Following is a response by Wayne Flaherty to
the KC Star article concerning the Taxpayers Bill of Rights.
Ms. Shelly:
Below are my thoughts about your Robin Hood column.
Wayne Flaherty
In your Robin Hood editorial, you left out some
very significant information.
TABOR does not deny funds to any tax spending
group. Spenders only have to justify their need to the citizens
who will have to pay the bill.
You never mentioned how much money the citizens
of Colorado have had returned to them under TABOR. I say returned
because it is their money. They stand to get $3200 per family
over the next five years.
TABOR is the only voice the people have concerning legislative
spending. At the last Kansas legislative session there were
thirty (30) lobbyists from education facilities. The schools
spend the citizen’s tax money to lobby for more tax money.
And if that isn’t enough, they file lawsuits to get even
more.
I’m 73 years old, was born and raised here.
I was reading the Star before you were born and can’t
ever remember a tax increase the Star didn’t actively
promote. Sometimes I feel that Star writers know little or nothing
about history. In ancient Rome, they built lavish (and marvelously
engineered) public works projects. When there wasn’t enough
money in Rome, they sent their armies out to conquer ever more
distant countries and cities. They ravaged those territories
to pay for Rome’s profligate ways. In effect, they taxed
the defeated people to finance Roman government spending. How
is that different from modern Kansas, where government jobs
increase every year while private jobs are lost every year,
where spending has no relation to income? Governments have now
reached the point where desire has replaced necessity as the
only measure of a project’s worth.
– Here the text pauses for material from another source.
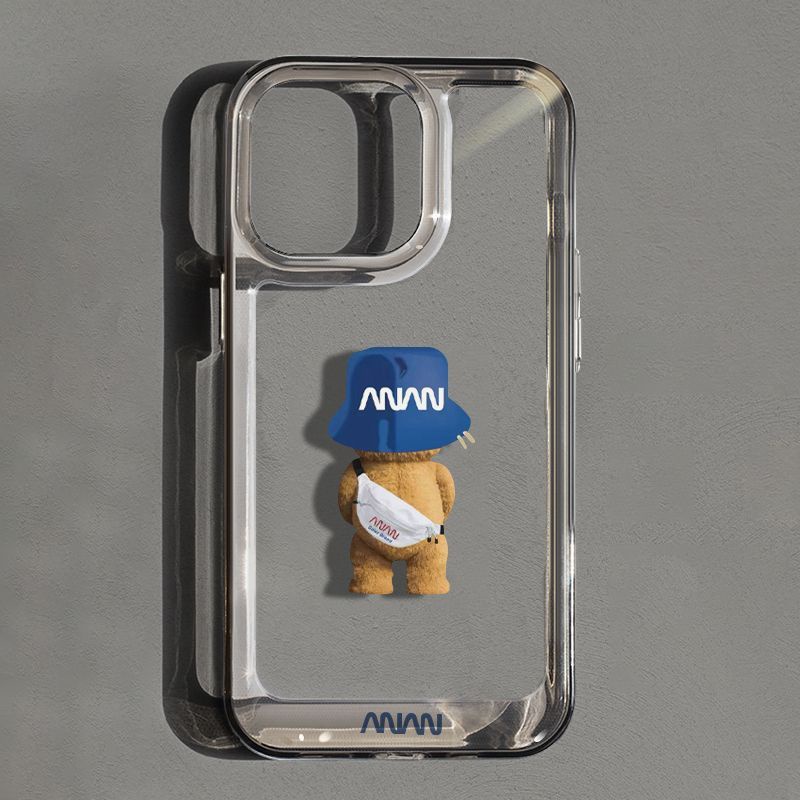 Casing IPhone 14 13 Pro MAX 12 11 Pro MAX XS MAX XR X 7plus 8 Plus Motif NASA Transparan Shockproof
The average working
person can’t lobby the legislature. Believe me, I’ve
tried. I can’t drive to Topeka every day in the hopes
that I can get 10 minutes with a legislator. What chance do
I have against paid lobbyists who live there? What chance do
citizens who work 40 hours a week have?
If you had even the slightest idea what a tax
increase means to some people, you would be actively promoting
TABOR. Of course, you would have to do it at another paper,
because the Star would never allow it. Let me tell you two true
stories of people with no champion.
During Bi-State II, a guest on a call-in talk
show used the phrase “only twenty dollars.” Immediately,
the switchboard lit up and a little old lady jumped on the guest
with, “Maybe twenty dollars don’t mean anything
to you, but it makes the difference to me as to whether I buy
food or medicine.” The guest apologized.
A friend of mine, who owned an electrical contracting
firm, received a call to come to a dog food canning plant. When
he arrived, the owner took him through the plant to the problem
location. When they arrived, my friend said, “I can’t
believe it. This place is immaculate. I bet you could eat off
the floors. Its only dog food, so why the cleanliness?”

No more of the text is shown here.